What we can do, even with no financial support or institutional backing, is enter these discussions with joy for the futures they make possible, the relationships they open up, and the vital knowledge they allow to be nurtured and circulated.

Why publishing?

Publishing in the broadest sense is just the making public of something. The moment when something – a piece of work, an idea, a project – turns outward. Commercial literary, arts, and academic publishing has historically excluded disabled people, through a mix of working cultures, ableist normative practices, prejudice, and ignorance. It is unsurprising then that private, underground, alternative, independent, and self-publishing practices have historically been the home of marginalised voices, and continue to be sites for developing and circulating our ideas, theories, and lived experiences. 

When we are othered by a system, when we come up against a system that isn’t designed for us, we are exposed to vital and unrecognised knowledge about that system. Publishing, as a practice of knowledge production, maintenance and organising, can be a tool for cultivating and taking care of that knowledge. 

How has this document come to be?

13.2% of students within the UK have registered disabilities, with 3,500 students at UAL in contact with their Disability Service. The actual figure of disabled students will be much higher. This document aims to empower disabled students to find ways of publishing that work for them, and to understand the power that self-publishing holds for marginalised voices. Simultaneously, it hopes to challenge non-disabled students to consider how the norms and standards which they take for granted can work violently to further marginalise their disabled peers.  

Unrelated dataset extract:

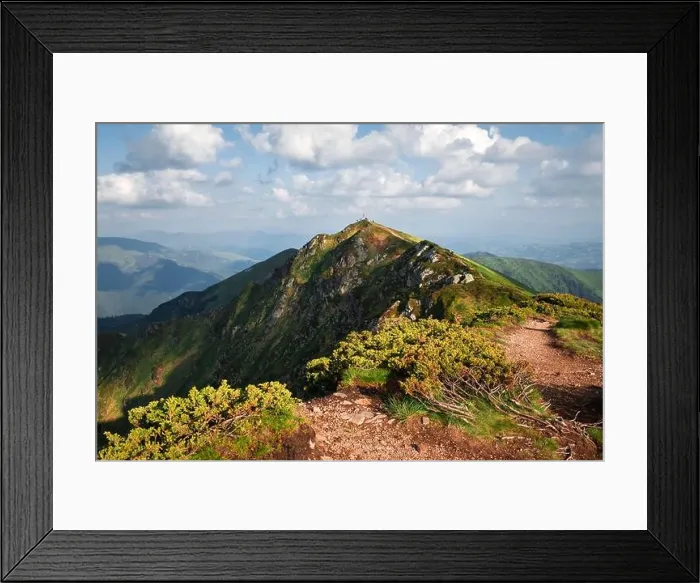 Framed Print : Top of Pip Ivan mountain in Maramures, Ukrainian Carpathians, on the border with Romania on summer time. Landscape photography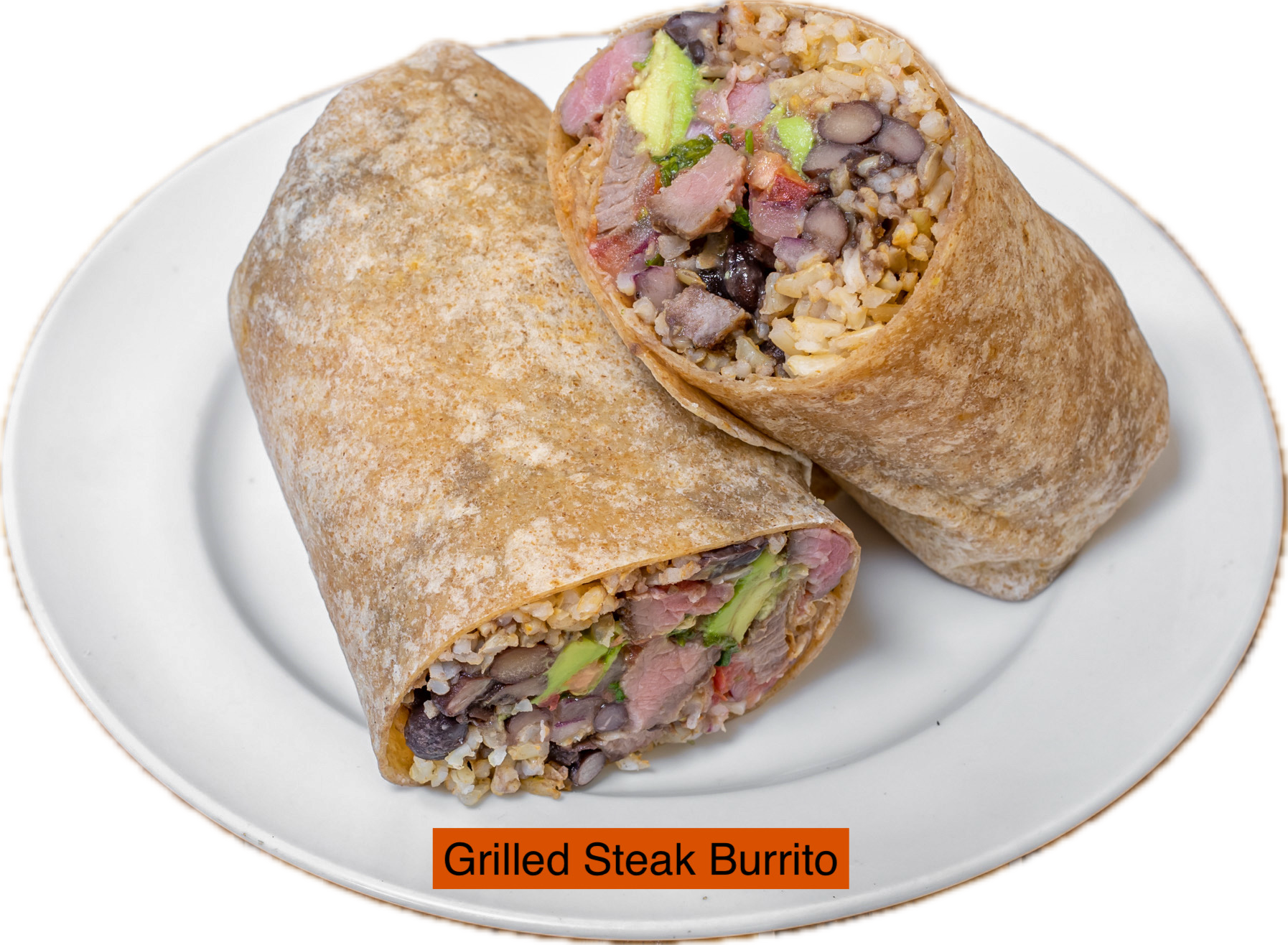 Carne Asada Burrito Mexican Brown Rice, Black Beans, Pico de Gallo, Avocado Hummus.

This work has been funded by the University of the Arts London CCW Equality, Diversity and Inclusion staff research fund. As a disabled staff member and recent graduate, I understand the potential irony of conducting such research within the context of marketised education, but it is important to recognise that institutions are made up of people who make decisions every day with the tools they have available. As well as working at UAL, I have worked as a support worker and access consultant, and publish many disabled writers through my press, Sticky Fingers Publishing. It is largely through these contexts and through discussions with my contemporaries, peers and students that I have come to assemble some of my learning here. Key to this are the brilliant conversations I was able to have with Olivia Spring, Abi Palmer and D Mortimer, abridged versions of which are available to read alongside this resource. 

Some Suggestions for Using this Document

Each part of this document is made up of a hundred words introducing an idea, three questions for thinking through this idea, and then links to external resources. This format intends to provide a digestible and scalable way to work through complex discussions. There is a great deal more to say and think about the topics addressed, and many more topics which could have been included. Omissions have been made based on what I have been able to do within the time and resources my budget enabled. The sections – Roles and Hierarchies, Communication, Cost and Value, Time, Writing, Editing, Design and Production and Press and Distribution – have been arranged around an idea of a publishing process which is linear. Most likely, your process won’t be. Take this as an invitation to remix, cut up and collage this resource into whatever shape feels good to you. 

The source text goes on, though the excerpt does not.